Pazar akşamı 7.15 ile haftaya başlayan $/TL hem TCMB’nin hem BDDK’nın aldığı bir dizi önlem ile hafta ortasında 6.00 seviyelerine kadar geriledi. Peki bu nasıl oldu?

İlk hamlede BDDK Pazar akşamı bankaların Londra ile yaptığı swap işlemlerine sermaye yeterlik rasyosunun %50’si kadar limit getirdi. Bankalarımız da bu swap işlemleri ile Londra’ya TL satarken, döviz borçlanmaktalar. Ucuza TL borçlanan yabancılar da rahatlıkla bu TL’yi açığa satabilmekte ve kura olan atağı daha da tetiklemekteydi. Ki bu her kur krizinde rastladığımız bir olay. BDDK’da bu işlemlere ilk hamle olarak %50 limit getirdi. Bu limit dün itibariyle %25’e kadar düşürüldü.

BDDK’ya TCMB eşlik etti. Alınan bir dizi likidite önlemi ile bankaların limitleri kaldırıldı. TCMB ile yapılan “TL ver döviz al” swaplarında miktarlar yükseltildi. Böylece TCMB bankalarımıza “sen gel o döviz işlemini benden yap, Londra’ya da TL vermeyi azalt. Olur da likiditeye sıkışırsan, TL veya döviz, gel benden al. Teminatları da rahatlatıyorum” dedi. Swap limitleri de BDDK’nın önlemleriyle zaten kısıtlanan bankalarımız bu işlemi, Londra yerine içeride yapmak durumunda kaldılar. Hal böyle olunca, Londra hafta başında bu işleme girecek yeterli taraf bulamadı, TL’ye sıkıştı. Böylece yüklü bir faiz artışı yapılmadan, TL satmak maliyetli hale getirildi. Satması maliyetli olan ürün kıymetlenir.

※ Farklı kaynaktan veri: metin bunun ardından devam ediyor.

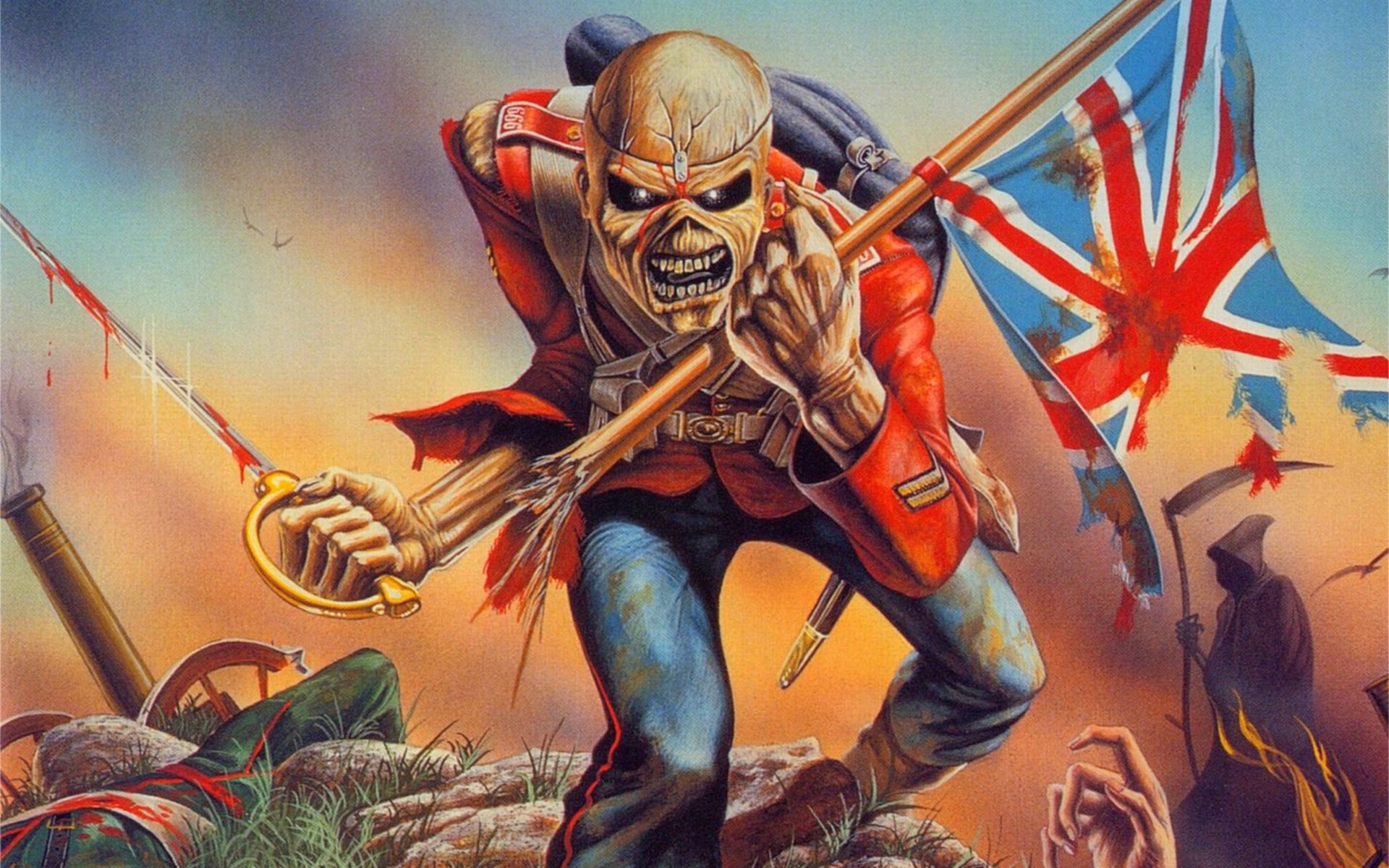 292 Iron Maiden HD Wallpapers | Backgrounds - Wallpaper Abyss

TL’deki sıkışıklık aynı zamanda yabancının elindeki TL bono portfoyünü de likidite etmesi ile yani bonosunu satması ile sonuçlandı. Özellikle kısa kağıtlarda. 2y bononun bu denli satılması da, bu yüzden. Ve bono faizi %28’lerin üzerine çıktı.  

Özetle, TCMB’nin bankalarımıza, Londra ile yapma bu alışverişi, 'şimdilik gel benimle yap' demesi,  Londra’nın TL’ye sıkışması vs ve bunun için alınan önlemler işe yaramış gözüküyor ki, TL de 7.15 seviyelerinden 6.00 seviyelerine kadar indi.   

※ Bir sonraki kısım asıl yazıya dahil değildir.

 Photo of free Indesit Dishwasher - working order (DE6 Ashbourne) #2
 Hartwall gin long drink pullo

Bir diğer önlem de banka bilançolarına geldi. Bankaların riskli gördükleri kredilerle ilgili ayrılması gereken karşılık politikası banka bilançoları lehine rahatlatıldı. İkinci olarak da son dönemde yaşanan volatiliteden dolayı menkul kıymet portfoyünde yazılan zararlar geçici olarak sermaye yeterlilik rasyolarına yansıtılmayacak. Bilançoları kısmen rahatlayan bankalar da, geçici dahi olsa, bir süre yaşanan bu oynaklığı mevduat faizine sınırlı olarak yansıtma fırsatı elde ettiler. Elbette bir yere kadar. Basit anlatımla bir taraftan Londra tarafında faiz artmış gibi bir etki yaratılırken, içeride mevduat faizleri görece kontrol altında tutulmaya çalışılıyor. Bu politika da şu aşamada istenen sonucu verdi ve TL arzu ettiğimiz gibi kayıplarının bir kısmını geri aldı.

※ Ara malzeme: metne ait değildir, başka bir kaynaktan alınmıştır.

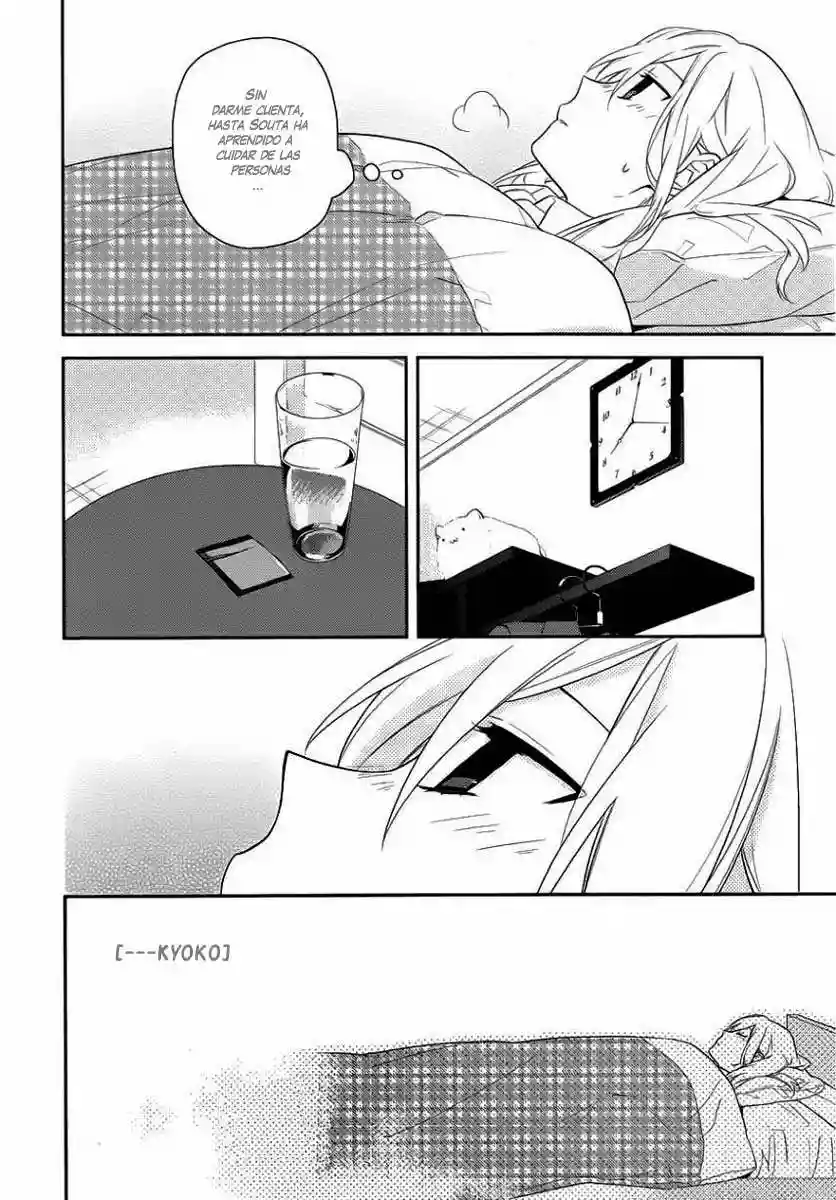 Horimiya Capítulo 20 - Page 9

Bunlara palyatif önlemler diyebilirsiniz, yanlış bulabilirsiniz, ama TL’nin ateşinin sönmesi açısından işe yaramıştır. Elbette, $/TL’de 6.00 seviyesini bırakın, 5.00 de yüksektir. Reel ekonomiyi de etkileyecektir. Bunlar uzun vade ayrı gerçekler.